In your opened corpus, click the Extracted Concepts (1) tab to open the Extracted Concepts list. Details about available options find below.
- Use Search Concepts (2) to filter for concepts, click Search to start the search. A list of results will be displayed. Click Reset to display the whole list.
- In the drop down Search Criteria (3) you can select to filter concepts found in the corpus or alternatively to filter concepts not found in the corpus.
Use the Show Matching Terms icon (4) to display a list of extracted terms that are similar to the respective concept. This helps to identify synonyms (alternative labels) and new narrower concepts which can be added to a concept with a few mouse clicks.
You can use the Add to Blacklist icon (5) to blacklist a concept, in order to exclude it from the extraction results.

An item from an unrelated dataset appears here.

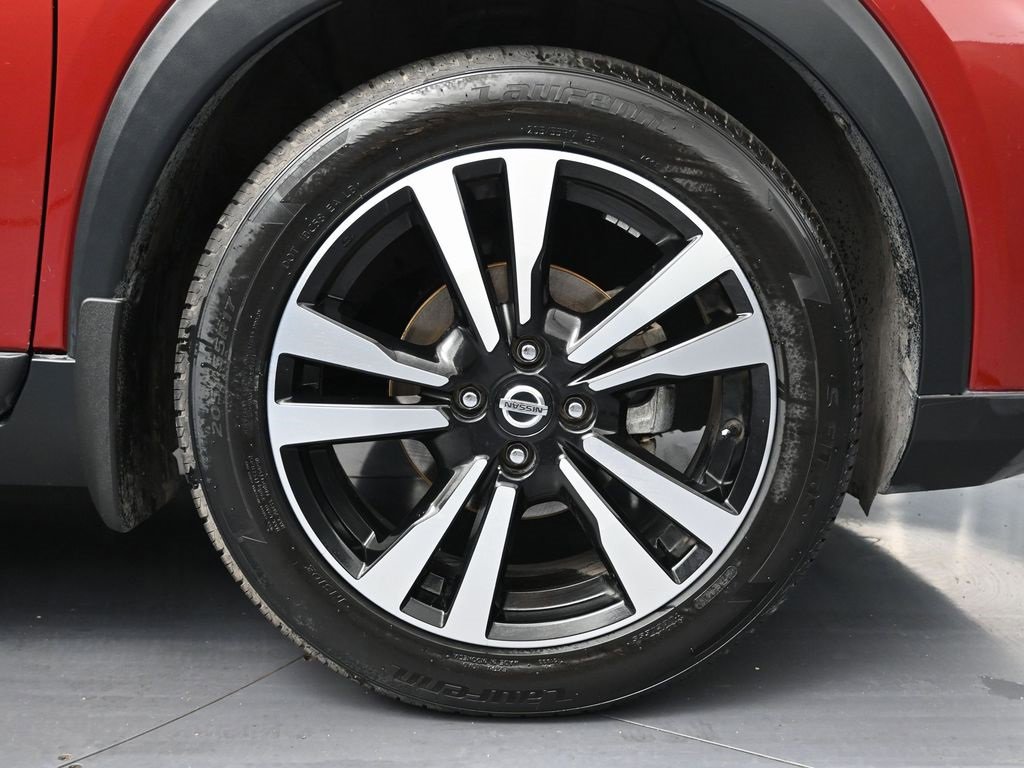 Used 2019 Nissan Kicks SR image 12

The Extracted Concept list provides an overview of how often these concepts were found in the document corpus. It also lists the most frequently used label of each concept. In addition, the broader concepts and concept schemes of those concepts are displayed.
You can sort the first three table columns by clicking the table headers. The image shows a table sorted by Relevance column:
The table columns in the Extracted Concepts tab can be used to sort for Preferred Label, Frequency and Most Frequent Label.
The columns and their content provide the following information:
- Preferred Label: the actual label of the concept contained in the thesaurus that has been extracted from the corpus documents.
- Frequency: the total number of times a concept has been found in the corpus documents.
- Relevance: displays the scores of concepts found inside the corpus during the Corpus Analysis. Use these scores as information about the validity of the extracted concepts. The relevance of concepts here is calculated similarly to the terms in the Extracted Terms list.
- Most Frequent Label: displays labels of concepts that have been found as part of the term or as phrase in the corpus documents.
- Broader Concepts: displays the skos:broaders for the respective concept in that table row.
- Concept Scheme: displays the concept scheme that concept is part of.